BusinessGreen: Can you give us a bit of background on
Method?
Adam Lowry: We are a home care and personal care company,
providing household cleaning and laundry products, as well as personal care
products such as soap and handwash.
How did you come to found the company?
My background is as an environmental scientist and chemical engineer. I worked
for the Carnegie Institution and was involved in work on the Kyoto Accord and
the second IPCC report. My role was to do the science that was meant to lead to
policy change, but while I loved the work, I often felt it was only reaching
other scientists and wasn't really reaching the mainstream – so I started
looking for business ideas that could better help drive sustainable ideas.
So where did the idea for green cleaning products come from?

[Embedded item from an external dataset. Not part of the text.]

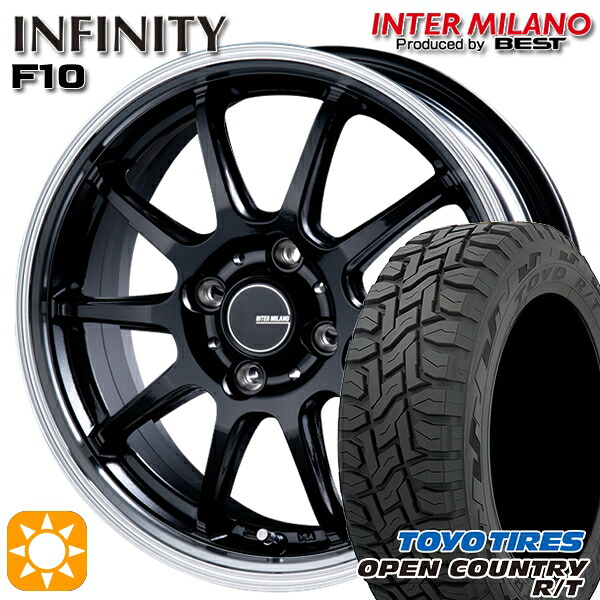 【取付対象】N-BOX 155/65R14 75Q トーヨー オープンカントリー R/T インターミラノ インフィニティ F10 BK/RP 14インチ 4.5J 4H100 サマータイヤホイールセット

At the time, I was living in a bachelor pad in San Francisco with five
friends from university, one of whom was Method's co-founder, Eric Ryan. Eric
had a background in branding and marketing and he recognised that one of the
sectors in greatest need for a complete branding overhaul was the cleaning
products space. At the same time, I knew from my work that from an environmental
perspective these were some of the most pernicious products available. We
started the business from that flat in San Francisco in early 2000, originally
going door-to-door to local retailers with the products.
And how large is the company now?
We now have 100 staff and our annual turnover is $100m. We also made our first
move outside the US last year, launching in the UK. We've got a fully staffed
office in Richmond, west London, and are repeating the start-up model that
worked in the US. Our products are already available in John Lewis, Waitrose,
Tesco and Sainsbury's.
Why did you target the UK as your first overseas market?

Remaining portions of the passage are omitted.